Scraped caption text data

•••••

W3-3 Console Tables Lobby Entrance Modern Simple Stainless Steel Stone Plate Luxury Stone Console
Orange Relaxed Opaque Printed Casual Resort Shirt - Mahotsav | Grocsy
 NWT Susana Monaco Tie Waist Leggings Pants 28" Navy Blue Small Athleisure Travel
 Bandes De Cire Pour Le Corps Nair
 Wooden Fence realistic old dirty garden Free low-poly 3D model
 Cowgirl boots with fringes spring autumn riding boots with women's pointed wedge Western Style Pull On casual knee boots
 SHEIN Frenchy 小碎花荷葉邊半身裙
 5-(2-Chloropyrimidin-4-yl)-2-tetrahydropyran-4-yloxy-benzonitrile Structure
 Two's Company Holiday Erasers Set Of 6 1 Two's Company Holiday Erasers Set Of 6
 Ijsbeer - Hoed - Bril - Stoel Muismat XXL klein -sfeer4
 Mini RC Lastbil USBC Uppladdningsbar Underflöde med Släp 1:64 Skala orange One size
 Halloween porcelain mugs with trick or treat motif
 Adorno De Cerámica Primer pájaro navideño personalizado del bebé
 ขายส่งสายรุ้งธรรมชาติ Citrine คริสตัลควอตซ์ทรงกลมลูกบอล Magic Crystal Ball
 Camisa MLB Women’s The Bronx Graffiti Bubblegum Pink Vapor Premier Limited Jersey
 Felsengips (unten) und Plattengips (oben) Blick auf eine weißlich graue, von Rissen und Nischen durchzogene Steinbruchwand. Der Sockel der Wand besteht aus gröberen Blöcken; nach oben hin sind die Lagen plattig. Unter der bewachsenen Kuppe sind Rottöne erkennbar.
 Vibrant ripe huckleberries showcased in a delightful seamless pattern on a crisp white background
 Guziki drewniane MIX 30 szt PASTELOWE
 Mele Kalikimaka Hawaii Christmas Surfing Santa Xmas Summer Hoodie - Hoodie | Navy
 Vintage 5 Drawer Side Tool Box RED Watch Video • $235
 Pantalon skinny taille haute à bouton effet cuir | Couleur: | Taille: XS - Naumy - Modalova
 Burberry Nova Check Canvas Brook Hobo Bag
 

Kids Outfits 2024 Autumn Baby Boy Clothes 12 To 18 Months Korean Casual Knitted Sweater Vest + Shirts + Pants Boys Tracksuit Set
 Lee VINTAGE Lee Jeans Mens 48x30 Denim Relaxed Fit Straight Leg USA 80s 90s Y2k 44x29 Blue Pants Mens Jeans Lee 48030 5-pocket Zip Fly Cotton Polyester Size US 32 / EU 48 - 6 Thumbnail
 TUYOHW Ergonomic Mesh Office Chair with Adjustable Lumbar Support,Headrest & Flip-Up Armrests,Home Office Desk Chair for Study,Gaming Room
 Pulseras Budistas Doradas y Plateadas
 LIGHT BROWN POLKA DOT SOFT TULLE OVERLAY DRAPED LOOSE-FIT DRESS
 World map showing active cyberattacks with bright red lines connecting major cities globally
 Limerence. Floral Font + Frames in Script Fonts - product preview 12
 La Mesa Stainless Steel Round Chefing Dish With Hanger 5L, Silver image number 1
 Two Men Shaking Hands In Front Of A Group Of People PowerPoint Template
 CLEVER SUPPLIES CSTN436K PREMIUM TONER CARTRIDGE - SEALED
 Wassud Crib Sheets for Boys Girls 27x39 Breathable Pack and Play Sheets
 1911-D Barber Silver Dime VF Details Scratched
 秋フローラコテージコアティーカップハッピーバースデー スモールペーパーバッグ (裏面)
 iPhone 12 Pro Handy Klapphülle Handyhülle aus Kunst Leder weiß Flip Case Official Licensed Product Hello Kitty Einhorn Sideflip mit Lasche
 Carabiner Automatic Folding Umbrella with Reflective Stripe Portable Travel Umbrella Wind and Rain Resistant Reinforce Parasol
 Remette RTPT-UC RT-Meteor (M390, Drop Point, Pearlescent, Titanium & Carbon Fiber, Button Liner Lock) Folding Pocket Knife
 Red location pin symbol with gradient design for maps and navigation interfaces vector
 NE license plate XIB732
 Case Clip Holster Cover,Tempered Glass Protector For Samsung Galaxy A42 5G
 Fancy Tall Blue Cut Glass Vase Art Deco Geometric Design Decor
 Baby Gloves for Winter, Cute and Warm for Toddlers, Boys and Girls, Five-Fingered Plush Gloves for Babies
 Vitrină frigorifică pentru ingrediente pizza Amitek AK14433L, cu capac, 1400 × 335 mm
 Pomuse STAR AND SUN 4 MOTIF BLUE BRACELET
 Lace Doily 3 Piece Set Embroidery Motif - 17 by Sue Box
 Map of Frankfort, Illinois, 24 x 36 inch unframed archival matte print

•••••

What the task requires
Repeat exactly the lines from the first line of the records above through the line containing "Halloween porcelain mugs", both included, and nothing else.

Answer below
W3-3 Console Tables Lobby Entrance Modern Simple Stainless Steel Stone Plate Luxury Stone Console
Orange Relaxed Opaque Printed Casual Resort Shirt - Mahotsav | Grocsy
 NWT Susana Monaco Tie Waist Leggings Pants 28" Navy Blue Small Athleisure Travel
 Bandes De Cire Pour Le Corps Nair
 Wooden Fence realistic old dirty garden Free low-poly 3D model
 Cowgirl boots with fringes spring autumn riding boots with women's pointed wedge Western Style Pull On casual knee boots
 SHEIN Frenchy 小碎花荷葉邊半身裙
 5-(2-Chloropyrimidin-4-yl)-2-tetrahydropyran-4-yloxy-benzonitrile Structure
 Two's Company Holiday Erasers Set Of 6 1 Two's Company Holiday Erasers Set Of 6
 Ijsbeer - Hoed - Bril - Stoel Muismat XXL klein -sfeer4
 Mini RC Lastbil USBC Uppladdningsbar Underflöde med Släp 1:64 Skala orange One size
 Halloween porcelain mugs with trick or treat motif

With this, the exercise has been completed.